On the one hand, it offered an unrivalled opportunity for us to refine and develop our skills in conference organising, something several of us noted would be invaluable as we continue forward on our academic trajectories. In the run-up to the conference, this included abstract selection, communicating with delegates, use of social media, venue liaison and teamwork. On the day of the conference, it also meant panel chairing, photography, liaising with delegates, and ensuring other aspects of the conference including the evening meal, ran smoothly. On the other hand, it also represented a great opportunity for the group to develop scholarly relationships with delegates from outside London whilst at the same time nurture a sense of collegiality with other LAHP peers. Similarly, the conference also provided a significant opportunity for establishing connections with students in other disciplines. The program included ten papers, with subjects ranging broadly in the fields of the Humanities. Talking and listening about mobility, we spent a day travelling through time and space, gaining awareness on how the mobility paradigm can be successfully applied to various fields, and to studies with very different approaches and aims.
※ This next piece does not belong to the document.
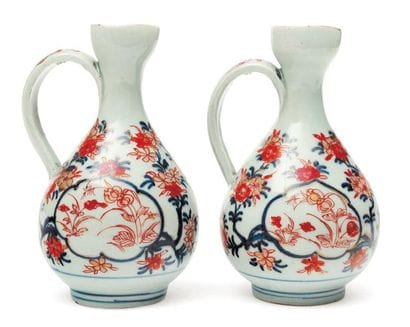 Deux petites aiguières en porcelaine, à décor...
We began the day listening to Johanna Hopp (University of Oxford), who communicated her work on hitchhiking as a psychological experience, focusing on aspects of how this particular mobility is inherently gendered. Then Avital Beirach Barak (Tel Aviv University) and Philip Corran (King’s College London) reflected on experiences of mobility or immobility as forms of resistance to the dominant trends in society. Avital’s paper concentrated on corporeal mobilities, namely the decolonial mobilities of Palestine Parkour groups, and was contrasted by the contribution of Philip, who elaborated on his ‘non-corporeal’ (but still ‘transportive’) mobilities research with elderly disabled Londoners. Various contributions then focused on narratives of mobilities.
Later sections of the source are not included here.